Expensive Student Loans? Or cheaper alternatives?

The previous blog post showed you how much more expensive it is to take out a 6.1% student loan from the government compared to a 3% loan. That is due to higher interest rates, taxes, national insurance and additional student loan charges.

Students should therefore, before taking out a student loan, consider some alternatives:

There is a myth out there that the cost of the student loan repayments do not matter, as most students will not clear the outstanding debt anyway. That is wrong.

If completely clearing an alternative loan is cheaper than even partial student loan repayments, that alternative loan should be considered.

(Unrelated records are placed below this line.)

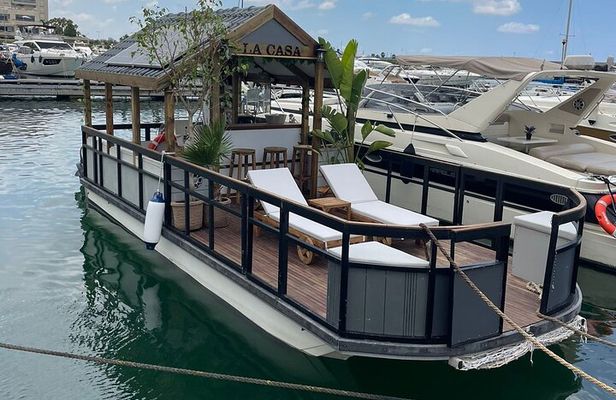 Private Party Boat, Lebanon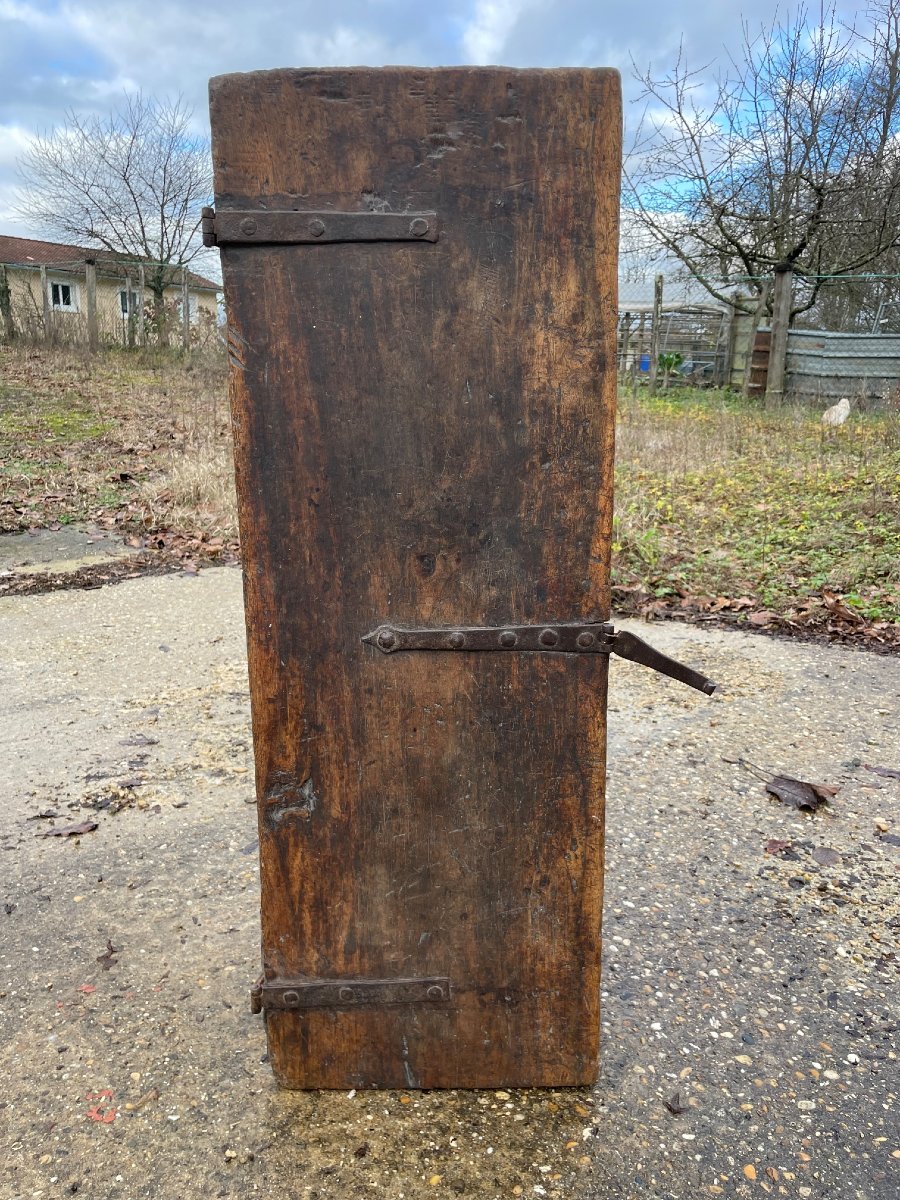 Petit Coffre du 18ème siècle Louis XIII en bois de noyer-photo-8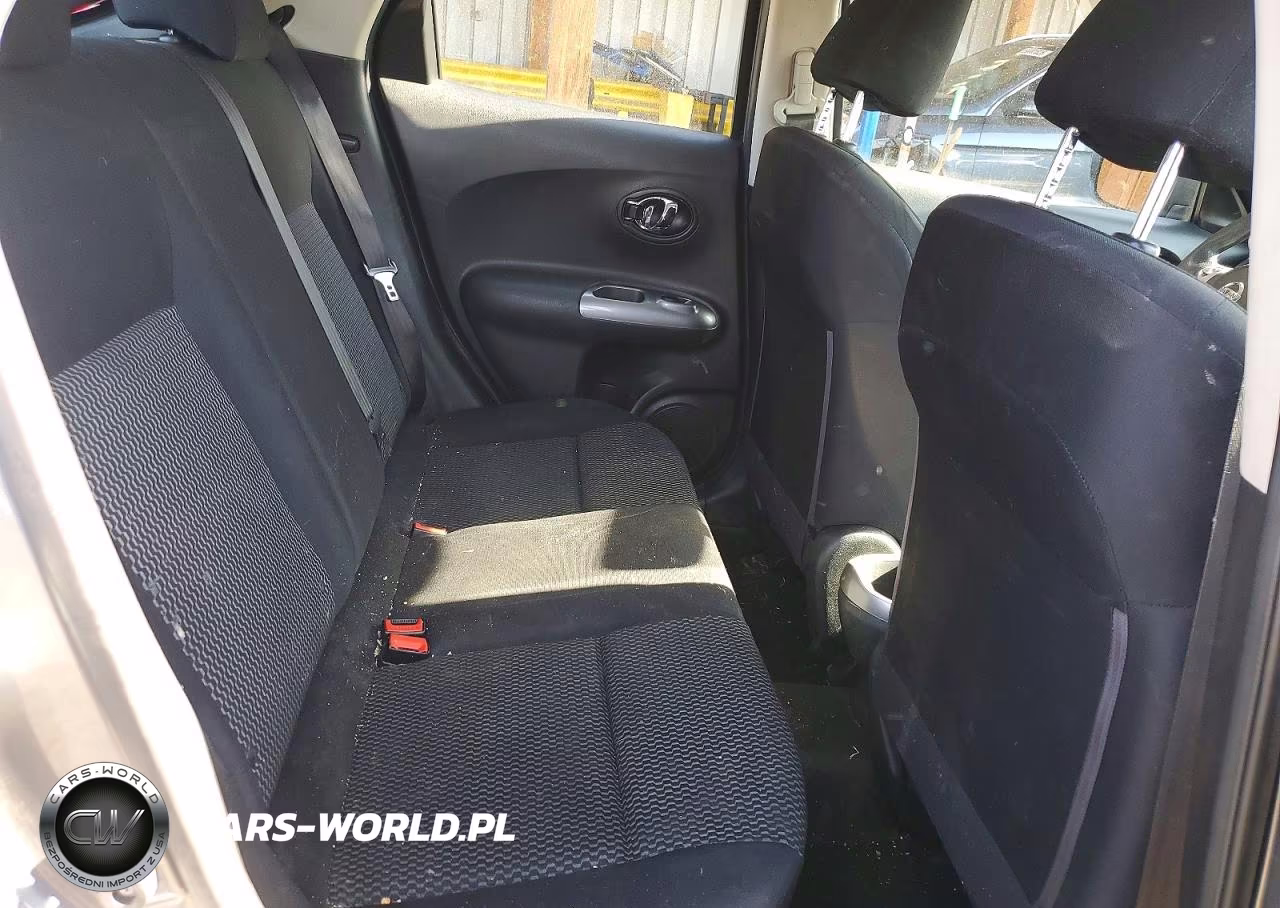 2016 Nissan Juke S VIN:JN8AF5MR2GT604509 - 10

Assume you are a student and have three options to pay for the £50k cost of university:

 

  1. Your uncle offers you £50k interest free to be repaid in equal instalments by you over 30 years at £139 a month.
  2. Your dad says he will put £50k on mortgage at 3%, to be repaid in equal instalments by you over 30 years at £186 a month.
  3. You take out a student loan

 

So how much do you have to earn if you take up which options? Remember, it is only your earnings which will determine your repayments for the student loan company.

(we assume here that neither the £21k repayment threshold will change, or any other tax thresholds will change relating to loan repayments)

Option 1:

Take your uncle’s interest free loan if you will earn more than about £1.15m over the next thirty years. That is £25k starting salary, rising by 3% each and every year. If you expect to earn less, take the student loan.

Option 2:

Take up the offer of your dad of the 3% loan if total expected earnings are more than £1.45m over the next 30 years. That is either

– £28k starting, increasing each year by 3.5%, or

– £30k starting, increasing each year by 3%.

Option 3:

Take out a £50k student loan if you expect to earn less than either £1.15m (if you have a rich uncle) or £1.45m (if you have a helpful dad).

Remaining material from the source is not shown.